Summary 1.Fire strongly influences plant populations and communities around the world, making it an important agent of plant evolution. Fire influences vegetation through multiple pathways, both above-and belowground. Few studies have yet attempted to tie these pathways together in a mechanistic way through soil heating even though the importance of soil heating for plants in fire-prone ecosystems is increasingly recognized. 2. Here we combine an experimental approach with structural equation modelling (SEM) to simultaneously examine multiple pathways through which fire might influence herbaceous vegetation.

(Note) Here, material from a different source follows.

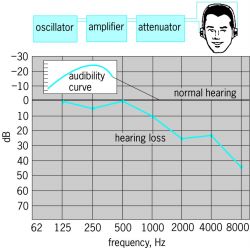 Audiogram for determining the audibility curve for pure-tone hearing loss at various frequency levels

In a high-diversity longleaf pine groundcover community in Louisiana, USA, we manipulated fine-fuel biomass and monitored the resulting fires with high-resolution thermocouples placed in vertical profile above-and belowground. 3. We predicted that vegetation response to burning would be inversely related to fuel load owing to relationships among fuels, fire temperature, duration and soil heating. 4. We found that fuel manipulations altered fire properties and vegetation responses, of which soil heating proved to be a highly accurate predictor. Fire duration acting through soil heating was important for vegetation response in our SEMs, whereas fire temperature was not. 5. Our results indicate that in this herbaceous plant community, fire duration is a good predictor of soil heating and therefore of vegetation response to fire. Soil heating may be the key determinant of vegetation response to fire in ecosystems wherein plants persist by resprouting or reseeding from soil-stored propagules. 6. Synthesis. Our SEMs demonstrate how the complex pathways through which fires influence plant community structure and dynamics can be examined simultaneously. Comparative studies of these pathways across different communities will provide important insights into the ecology, evolution and conservation of fire-prone ecosystems.